Back Pedaling Honestly, I'm not even sure if this is the right question but I haven't been able to come up with anything that makes more sense so I'd appreciate some help. This is a real problem, not an exercise. Actually, I hope I'm missing something obvious and will feel dumb once someone puts me on the right track.
What's the question? What I'm asking is: Am I right? Is this the correct way to view the problem and does my approach make sense? If you think it is (and does), let me know. Even better if you can tell me why. Put another way, I am asking for a review. If you want to suggest a better title, please do.
This is a real problem so there are several extensions. If my initial approach is right, it leads to more questions. (doesn't everything?)

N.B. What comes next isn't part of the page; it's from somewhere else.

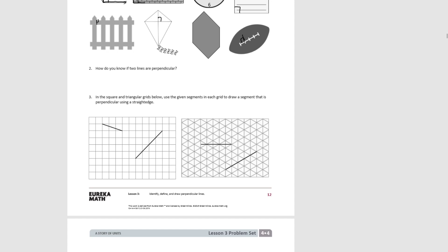You know lines are perpendicular if they form a right angle.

BruceET gives a nice solution but see my comment: Doesn't that result in two p-values to consider?
So here goes:
You are about to do a job (like some car repair) for which you have good reason to believe you will not need more that $n$ things, all the same. You have done this job before, and you do many kinds of jobs, some of which require the same things. If you don't have $n$ already, you will buy more. But more often than not, you don't use all $n$ things. You have records of the number of things you used each time you did the job.
More concretely: You are repairing a machine and you know how many parts it has. You know something is broken, and you have to shut down the machine to repair it. Until you start, you don't know how many parts you will need to replace, but you know the maximum. ($e.g.$ while replacing a manifold gasket, you may break some bolts...or not).
Once you start, you want to be very certain that you have everything you need, (or you may be walking to the auto parts store) but you would like to avoid buying more than you need. So you want to adjust $n$ based on experience so that $n=k$ where $k$ is the number of things you end up using.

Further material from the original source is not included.